*** Excerpted records

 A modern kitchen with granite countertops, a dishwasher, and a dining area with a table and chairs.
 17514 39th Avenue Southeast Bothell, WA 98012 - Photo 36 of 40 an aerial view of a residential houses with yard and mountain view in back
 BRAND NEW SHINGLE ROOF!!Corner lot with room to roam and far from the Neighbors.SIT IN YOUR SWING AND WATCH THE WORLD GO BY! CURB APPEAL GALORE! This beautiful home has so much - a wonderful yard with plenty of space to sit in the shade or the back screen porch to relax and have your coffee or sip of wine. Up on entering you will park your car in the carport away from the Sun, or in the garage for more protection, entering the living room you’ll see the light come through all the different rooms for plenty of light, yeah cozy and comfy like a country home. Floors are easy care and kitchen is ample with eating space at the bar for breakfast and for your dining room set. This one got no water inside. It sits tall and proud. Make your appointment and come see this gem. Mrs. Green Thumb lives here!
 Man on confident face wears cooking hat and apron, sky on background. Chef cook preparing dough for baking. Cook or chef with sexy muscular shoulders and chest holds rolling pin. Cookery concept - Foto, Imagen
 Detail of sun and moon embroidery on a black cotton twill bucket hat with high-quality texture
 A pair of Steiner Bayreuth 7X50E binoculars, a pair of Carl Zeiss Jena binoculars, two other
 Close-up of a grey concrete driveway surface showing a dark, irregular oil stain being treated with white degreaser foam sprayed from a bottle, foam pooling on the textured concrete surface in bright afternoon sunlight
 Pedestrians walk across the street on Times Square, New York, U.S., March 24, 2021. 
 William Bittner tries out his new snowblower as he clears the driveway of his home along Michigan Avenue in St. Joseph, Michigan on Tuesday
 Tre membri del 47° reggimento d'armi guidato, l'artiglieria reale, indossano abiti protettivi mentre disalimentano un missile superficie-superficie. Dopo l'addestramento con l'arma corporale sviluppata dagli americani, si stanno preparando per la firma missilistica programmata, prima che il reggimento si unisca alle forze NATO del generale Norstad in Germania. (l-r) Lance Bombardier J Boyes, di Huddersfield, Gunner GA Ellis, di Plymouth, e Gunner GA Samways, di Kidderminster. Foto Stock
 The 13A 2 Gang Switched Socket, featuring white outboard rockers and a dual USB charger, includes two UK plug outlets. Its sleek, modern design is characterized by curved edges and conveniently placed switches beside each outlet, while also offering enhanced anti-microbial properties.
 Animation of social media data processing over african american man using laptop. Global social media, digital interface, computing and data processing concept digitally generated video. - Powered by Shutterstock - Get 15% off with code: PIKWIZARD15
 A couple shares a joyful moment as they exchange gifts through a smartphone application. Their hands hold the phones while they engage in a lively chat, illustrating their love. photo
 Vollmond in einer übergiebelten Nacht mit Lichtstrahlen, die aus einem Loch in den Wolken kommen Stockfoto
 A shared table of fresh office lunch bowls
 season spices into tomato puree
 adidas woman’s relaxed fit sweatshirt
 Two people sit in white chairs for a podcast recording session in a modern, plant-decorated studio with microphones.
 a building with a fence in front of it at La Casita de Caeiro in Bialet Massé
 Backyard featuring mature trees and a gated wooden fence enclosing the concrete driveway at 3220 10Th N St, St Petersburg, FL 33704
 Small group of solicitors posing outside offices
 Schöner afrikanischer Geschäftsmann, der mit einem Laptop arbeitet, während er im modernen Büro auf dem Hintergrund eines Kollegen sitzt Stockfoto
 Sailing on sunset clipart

******

Working from the material above, retype exactly the lines from the one with "Backyard featuring mature" through the one with "Small group of", both included, and only those lines.

 Backyard featuring mature trees and a gated wooden fence enclosing the concrete driveway at 3220 10Th N St, St Petersburg, FL 33704
 Small group of solicitors posing outside offices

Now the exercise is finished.